Yesterday’s Australian Business Indicators (a GDP partial) suggested that inventories could add 0.2%points to Q2 GDP. NAB had expected no contribution so this presents upside risks to our forecast of a GDP print of 0.3% q/q.
The big FX movers during our time zone were the NZD and JPY. The kiwi underwent something of a stealth rally through the APAC session on no real news (save that risk sentiment ended last Friday in fine fettle). The yen gained ground steadily following a speech by BoJ Governor Kuroda at a Kyodo news event. Kuroda defended the use of negative interest rates if the broader economic benefits to society were seen to outweigh the costs (in terms of damage to the profitability of the financial sector).
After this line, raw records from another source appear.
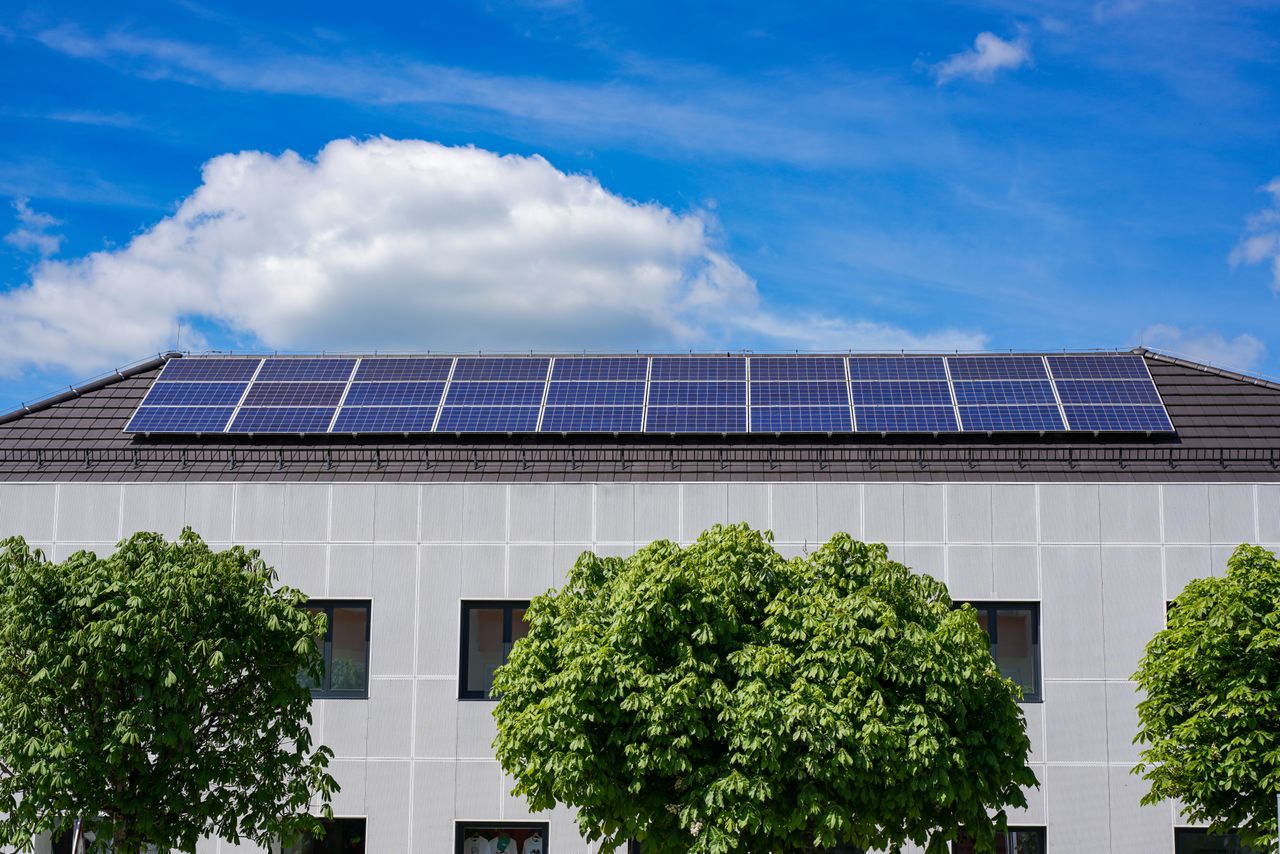 Crafting Captivating Headlines: Your awesome post title goes here Energy-efficient building topped with solar panels and surrounded by lush trees.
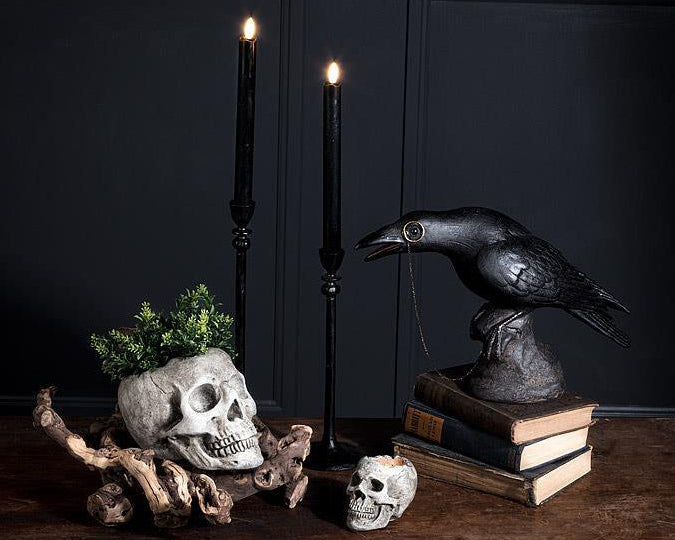 Decorative setup with skulls, candles, and a crow statue on a dark background
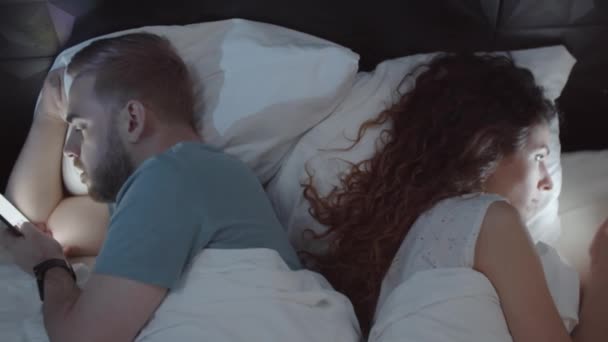 Pas-up záběr rozčarovaný mladý běloch manžel a manželka ležící v posteli spolu v noci, zády k sobě, plně zapojeni do používání svých chytrých telefonů - Záběry, video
He also repeated what he said at Jackson Hole, namely that the BoJ has ample scope to ease further in ‘all three dimensions’. Yet the speech is being interpreted as meaning that the BoJ has become increasingly uneasy over the use of negative rates and probably won’t do much or indeed anything when it convenes later this month (21 September).
There’s a lot on the economic and events calendar today and where the most market sensitive release should be the US non-manufacturing ISM. Following the unexpected fall to 49.4 from 52.6, the service sector version is also expected to have fallen but by a much smaller amount and from much better levels (55.0 from 55.5). Also due tonight is the Fed’s Labor Market Conditions Index (derived from 19 separate labour market indicators) and reported as just a monthly change (up meaning tighter, down meaning easier). It was up by 1% in July. There is no survey median for this.
Locally it’s RBA day of course, but with money markets ascribing just a 3% chance to another rate cut – the RBA having cut just last month – and it being Glenn Stevens’ last meeting, interest is running pretty low. Whether or not the post-meeting statement reveals any sort of ‘easing bias’ will probably be the main point of market interest. If it doesn’t, the AUD will probably trade firmer out of the 2:30pm AEST announcement.
Data wise, it’s the Q2 Balance of Payments and the estimated contribution to GDP from net exports. This is expected by NAB and the market consensus to be flat, after the out-sized 1.1% positive contribution to Q1 growth. As for the bank of payments itself, this is expected to record a deficit in the order of A$20bn.
On global stock markets, the S&P 500 was +0.00%. Bond markets saw US 10-years +0.00bp to 1.60%. In commodities, Brent crude oil +1.71% to $47.63, gold+0.3% to $1,327, iron ore -0.3% to $59.24. AUD is at 0.7585 and the range since yesterday 5pm Sydney time is 0.7576 to 0.7604.